**Assignment:** Extract every entry word for word. Skip the pictures.

**Data for this exercise:**
⁂
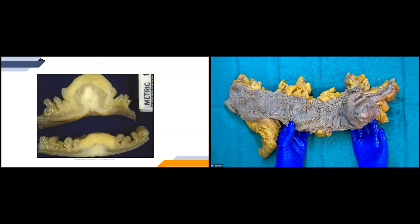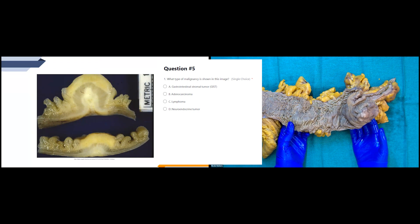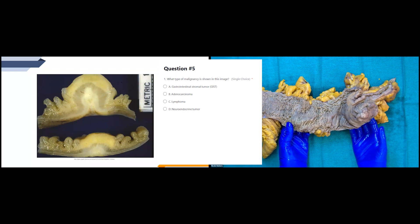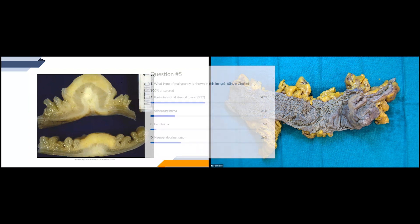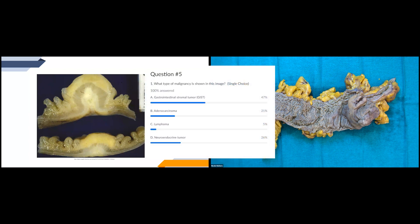Here's our next example, and I'll bring up a polling question for this one. The correct answer is actually a neuroendocrine tumor. What gives it away is really that yellow appearance of the mass — neuroendocrine tumors typically present with more of this very yellow kind of appearance. A GIST is extremely rare in the colon; the most common site for it in the colon is actually the rectum, and rectal GISTs make up approximately five percent of all GISTs.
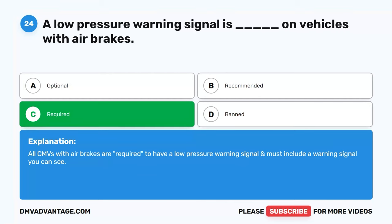Question 51. You must have a CDL to operate: A. Any single vehicle with a GVWR of 26,001 pounds or more. B. A combination vehicle provided the GVWR of the vehicles being towed is more than 10,000 pounds. C. A vehicle designed to transport 16 or more passengers, including the driver. D. Any size vehicle which requires hazardous material placards or is carrying material listed as a select agent or toxin in 42 CFR Part 73. E. All of the above. The correct answer is E. All of the above. Federal regulations through the Department of Homeland Security require a background check and fingerprinting for the hazardous materials endorsement.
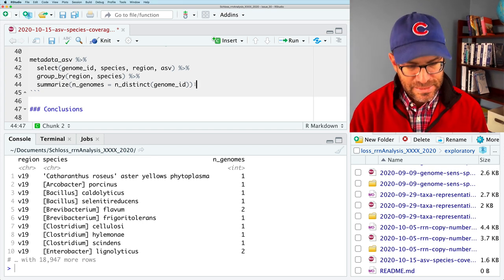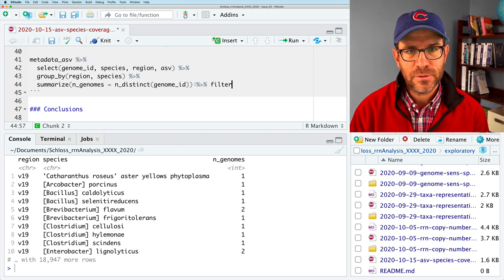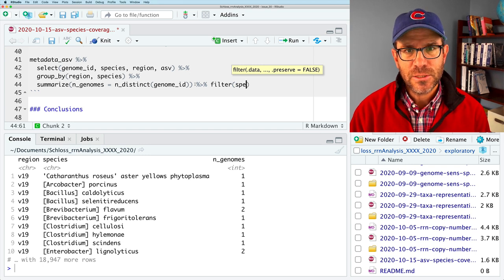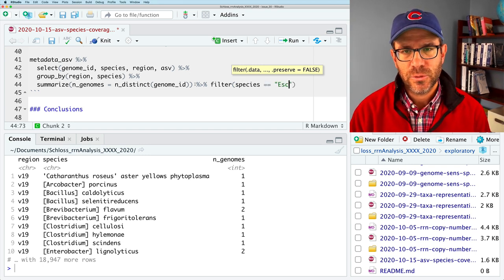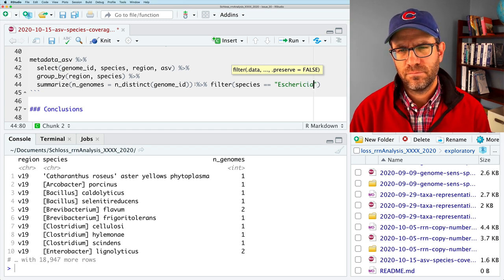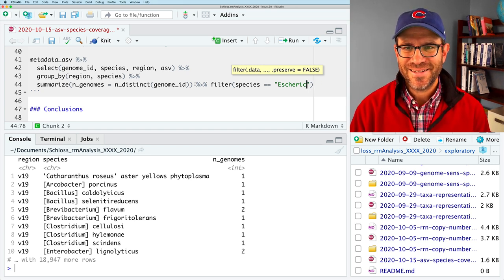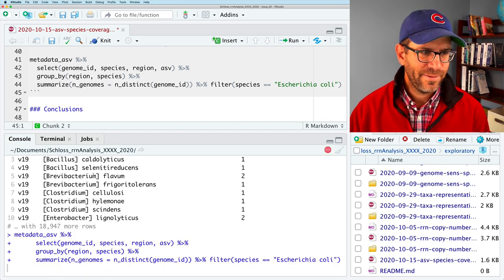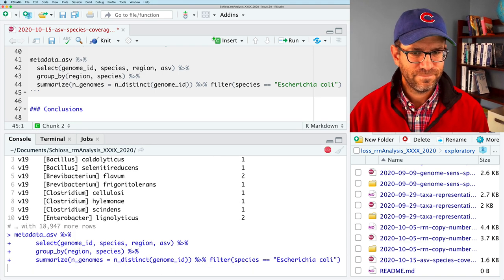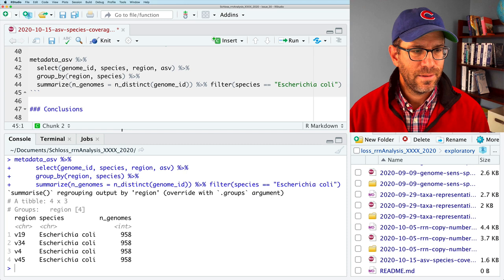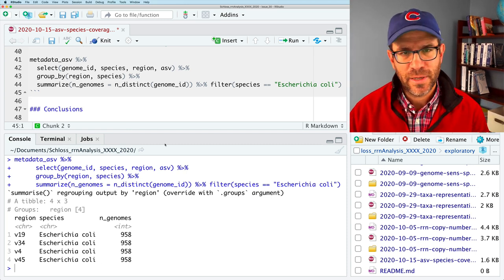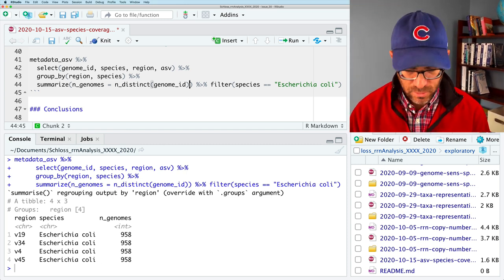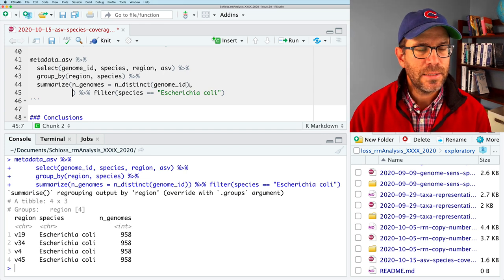So what we want to do next is we need to get the number of genomes for each species and the ratio of ASVs per genome. So I'm going to do a group by. So we'll group by the region and the species. Because we're going to group within each species is what we want the information by. And then I'm going to pipe that to a summarize. And I'm going to get a couple of variables. So I want to know the number of genomes for that species. So I will say n genomes and that's going to be n distinct. And then that's going to be on the genome ID column.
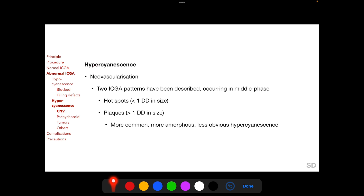Hypercyanescence on ICGA can occur with macular or choroidal neovascularization, pachychoroid, tumors, and other situations. Macular or choroidal neovascularization shows two patterns of hypercyanescence in the middle phase of ICGA: a hotspot, when the area of hypercyanescence is less than one disc diameter in size, and a plaque, when the area is more than one disc diameter in size.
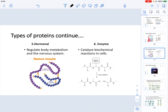We can also have hormonal proteins, which specifically regulate body metabolism and the nervous system. Human insulin is the main protein in charge of regulating the utilization of sugar in cells. We can also have proteins involved in the catalysis of reactions — those are known as enzymes. For example, trypsin is a hydrolysis enzyme observed in previous chapters.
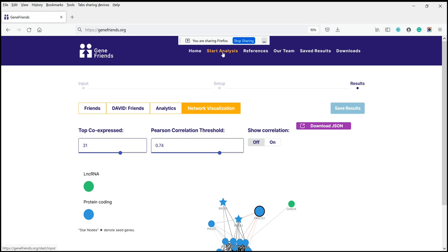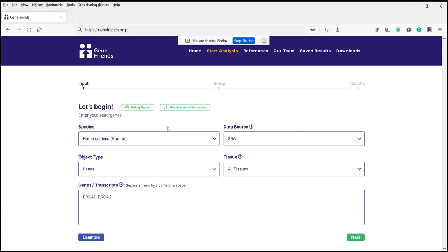Let's try a different analysis. Let's go back to start the analysis. Let's say we want to analyze a non-coding transcript. One of the advantages of GeneFriends is that it has many non-coding genes and non-coding transcripts, as well as different splice variants. BRCA1 and BRCA2 were protein-coding genes, but let's use something different — this is a transcript, actually from a microRNA.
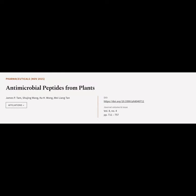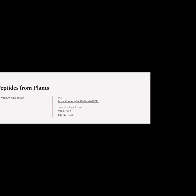This article is titled Antimicrobial Peptides from Plants, and was authored by James Tam, Xu Jing Wang, Ka Wang, and Wei Liang Tan.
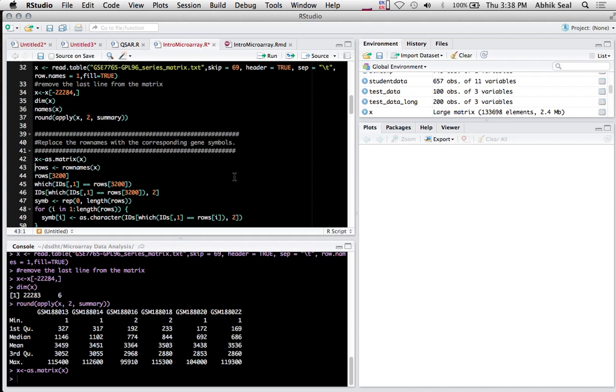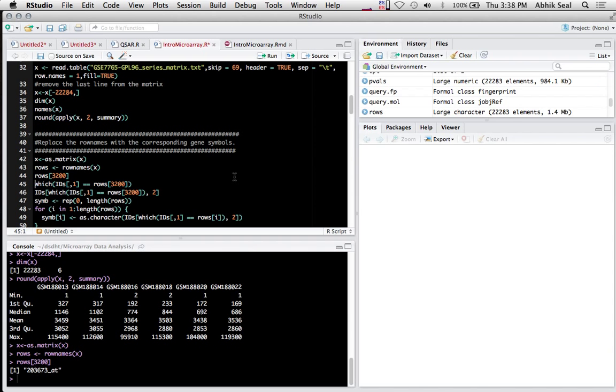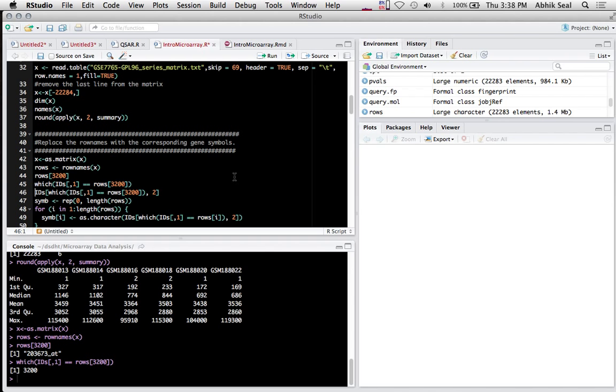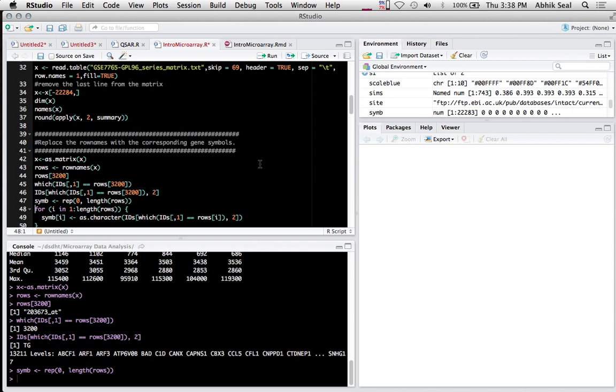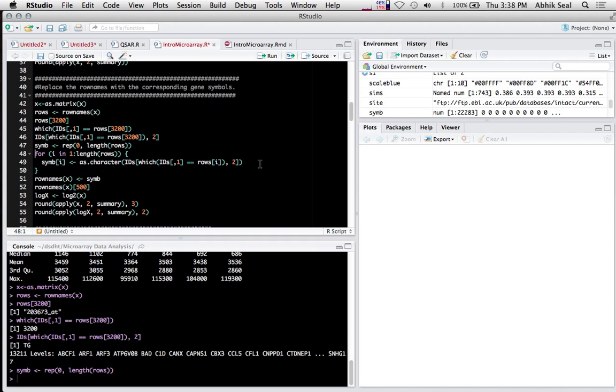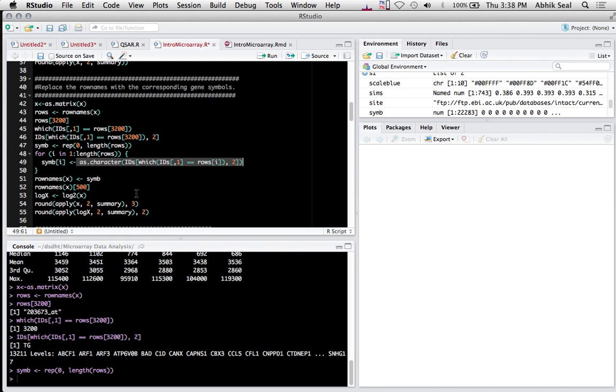I'll convert into a matrix here. Using the which ID function to get the corresponding index, which you've used in previous exercises. This gives you the gene symbol. I create a new symbol list as a data frame, then use this function in a loop which will help map all the IDs to the genes.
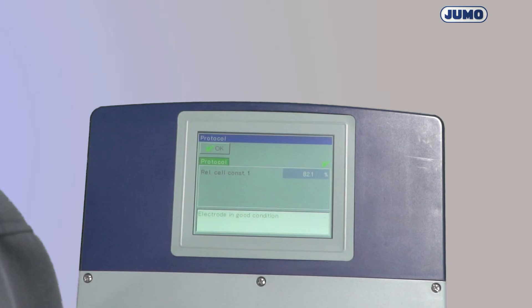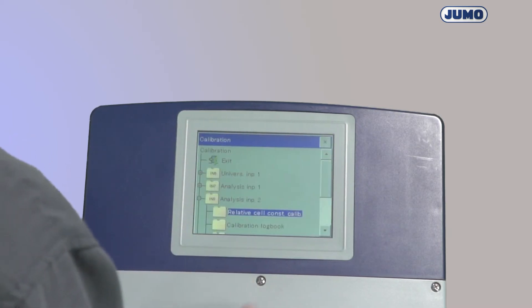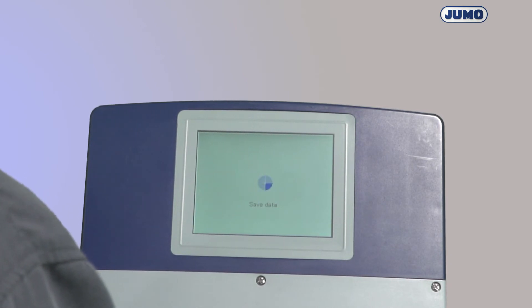This should be in a range of 80 to 120 percent. The relative cell constants of the conductivity measuring cells must be calibrated when they are commissioned, and it is recommended after the cells have been cleaned. This calibration is usually not necessary for inductive cells. I complete the calibration routine. The relative cell constant is taken by the transmitter and it compensates for the deviation from the nominal cell constant.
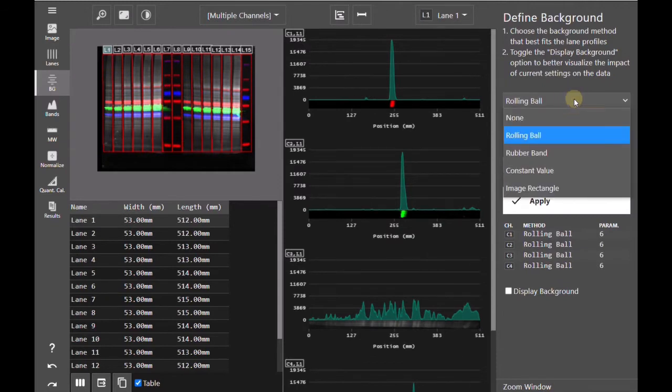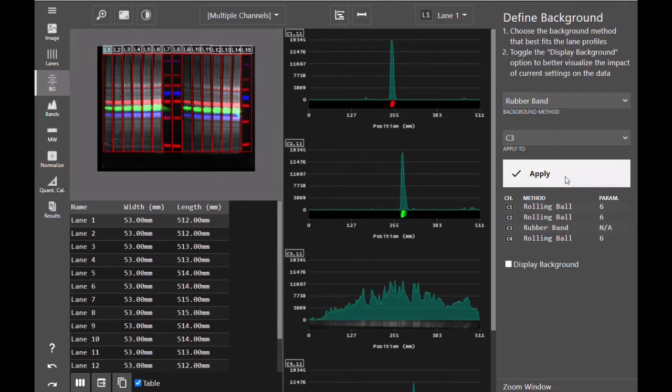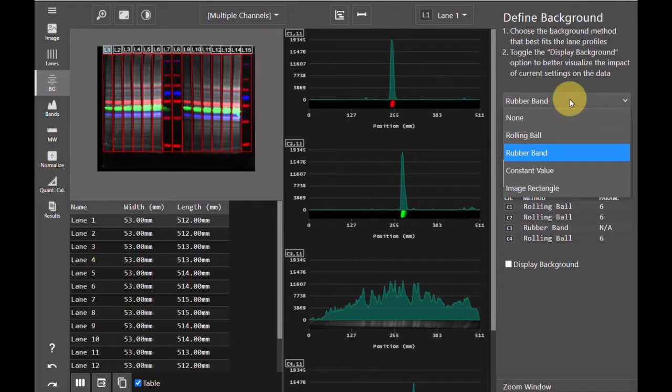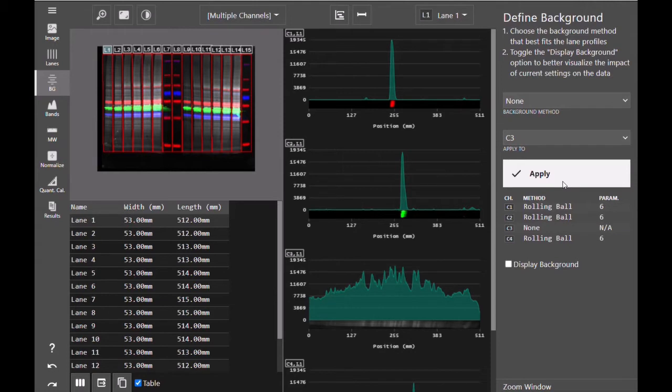Because rubber band fits a rubber band up to the edges of the profile of your lane, this effect is not quite as drastic as it is with rolling ball. However, it does subtract a lot of signal compared to not subtracting any background at all. And depending on the strength of your total protein stain, rubber band could still in some cases subtract quite a bit of your total protein signal.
⁂
**Solution to this exercise:**
Here's our next example, and I'll bring up a polling question for this one. The correct answer is actually a neuroendocrine tumor. What gives it away is really that yellow appearance of the mass — neuroendocrine tumors typically present with more of this very yellow kind of appearance. A GIST is extremely rare in the colon; the most common site for it in the colon is actually the rectum, and rectal GISTs make up approximately five percent of all GISTs.
Question 51. You must have a CDL to operate: A. Any single vehicle with a GVWR of 26,001 pounds or more. B. A combination vehicle provided the GVWR of the vehicles being towed is more than 10,000 pounds. C. A vehicle designed to transport 16 or more passengers, including the driver. D. Any size vehicle which requires hazardous material placards or is carrying material listed as a select agent or toxin in 42 CFR Part 73. E. All of the above. The correct answer is E. All of the above. Federal regulations through the Department of Homeland Security require a background check and fingerprinting for the hazardous materials endorsement.
So what we want to do next is we need to get the number of genomes for each species and the ratio of ASVs per genome. So I'm going to do a group by. So we'll group by the region and the species. Because we're going to group within each species is what we want the information by. And then I'm going to pipe that to a summarize. And I'm going to get a couple of variables. So I want to know the number of genomes for that species. So I will say n genomes and that's going to be n distinct. And then that's going to be on the genome ID column.
Hypercyanescence on ICGA can occur with macular or choroidal neovascularization, pachychoroid, tumors, and other situations. Macular or choroidal neovascularization shows two patterns of hypercyanescence in the middle phase of ICGA: a hotspot, when the area of hypercyanescence is less than one disc diameter in size, and a plaque, when the area is more than one disc diameter in size.
We can also have hormonal proteins, which specifically regulate body metabolism and the nervous system. Human insulin is the main protein in charge of regulating the utilization of sugar in cells. We can also have proteins involved in the catalysis of reactions — those are known as enzymes. For example, trypsin is a hydrolysis enzyme observed in previous chapters.
Let's try a different analysis. Let's go back to start the analysis. Let's say we want to analyze a non-coding transcript. One of the advantages of GeneFriends is that it has many non-coding genes and non-coding transcripts, as well as different splice variants. BRCA1 and BRCA2 were protein-coding genes, but let's use something different — this is a transcript, actually from a microRNA.
This article is titled Antimicrobial Peptides from Plants, and was authored by James Tam, Xu Jing Wang, Ka Wang, and Wei Liang Tan.
I'll convert into a matrix here. Using the which ID function to get the corresponding index, which you've used in previous exercises. This gives you the gene symbol. I create a new symbol list as a data frame, then use this function in a loop which will help map all the IDs to the genes.
This should be in a range of 80 to 120 percent. The relative cell constants of the conductivity measuring cells must be calibrated when they are commissioned, and it is recommended after the cells have been cleaned. This calibration is usually not necessary for inductive cells. I complete the calibration routine. The relative cell constant is taken by the transmitter and it compensates for the deviation from the nominal cell constant.
Because rubber band fits a rubber band up to the edges of the profile of your lane, this effect is not quite as drastic as it is with rolling ball. However, it does subtract a lot of signal compared to not subtracting any background at all. And depending on the strength of your total protein stain, rubber band could still in some cases subtract quite a bit of your total protein signal.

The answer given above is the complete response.